The soldiers nodded to her but didn’t introduce themselves. They seemed stunned into speechlessness by the warmth of the fire.
Sam stood beside Jiselle, staring in appreciative wonder at them. The soldiers nodded at him in unison, kindly—the understanding of soldiers for the great reverence they were held in by boys. Jiselle put her arm around Sam, pulled him closer to her, her shawl around his shoulders, too—although she wasn’t afraid of these soldiers. In her house, in a row on her couch, these were just shivering boys in wet boots.
If they had rifles, they’d left them behind in the Jeep.
Answering their question, she said, “I have two vehicles. But no fuel,” and then, “Would you like some tea?”
Three of the boys glanced for an answer to the one on the end of the couch, who looked no different from the others except that his green cap had two small black stripes glued to the brim. He shrugged at the others, and then at Jiselle. He said, “Sure.”
So Jiselle went to the kitchen, poured water into the kettle, brought it back, hung it on a hook from the tripod over the fire. Back in September, Sam had rigged up the tripod, made from the legs of an old aluminum lawn chair. He’d gotten the idea from an illustration in the Hans Christian Andersen book, in which an old crone had been pictured stirring a pot hanging over a fire from just such a tripod.
“What are the vehicles, ma’am?” the boy with the black stripes on his cap asked.
“A Jeep Cherokee,” Jiselle said, “and a Saab. And also a little Mazda. You’re welcome to them—but, as I said, there’s no gas.”
The morning after Bobby’s death, Paul had insisted that Jiselle take the Saab.
“I filled it up with the last can of gas I had in the garage. It can’t get me to Virginia with one tank of gas,” he said. “And you might need it, in an emergency. If you won’t take it for yourself, think of your children.”
“But we have the Mazda,” Jiselle protested. “And the Cherokee.”
Paul shook his head. “This has gas, and it runs,” he said. He pressed the key into her hand. Its little teeth shone in the sunrise.
“What will you do?”
“I’m walking,” he said, shifting the satchel he was carrying from one shoulder to the next. “I’d be walking before long one way or another.”
“I could drive you as far as—”
He held up a hand, shaking his head. “You might never make it back, whether you had any gas or not.” He didn’t continue, and Jiselle didn’t try to say anything else.
She took the car but had driven it only one time before it too was out of gas. That time had been the morning Diane Schmidt died.

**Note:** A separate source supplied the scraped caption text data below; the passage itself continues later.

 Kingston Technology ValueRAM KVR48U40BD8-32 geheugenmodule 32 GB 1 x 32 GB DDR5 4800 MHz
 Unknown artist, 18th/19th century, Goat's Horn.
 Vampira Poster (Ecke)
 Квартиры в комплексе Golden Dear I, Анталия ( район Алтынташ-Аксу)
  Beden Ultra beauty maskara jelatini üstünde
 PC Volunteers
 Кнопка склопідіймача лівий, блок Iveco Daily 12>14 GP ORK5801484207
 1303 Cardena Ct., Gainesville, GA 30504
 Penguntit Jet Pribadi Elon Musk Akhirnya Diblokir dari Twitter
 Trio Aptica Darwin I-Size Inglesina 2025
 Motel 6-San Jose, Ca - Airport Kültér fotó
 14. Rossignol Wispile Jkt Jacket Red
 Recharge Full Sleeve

Together, Jiselle and Sara had wound the sheet around her body and carried her to the car, placing her carefully in the backseat. Jiselle drove to the funeral parlor in town, where two ugly women—sisters, surely, with the same fierce jaws and close-set eyes, one of them with a wart on her nose from which a black hair sprouted—demanded two thousand dollars in cash. When Jiselle said she had no cash at all, they reluctantly took her wedding ring and pulled Mrs. Schmidt’s body, without any grace or care at all, out of the back of the car.
From there, Jiselle had gone to find her mother. She had not been able to reach her by phone for a long time. Only once she’d gotten through and heard her mother answer, “This is Anna Petersen,” before the connection was lost again.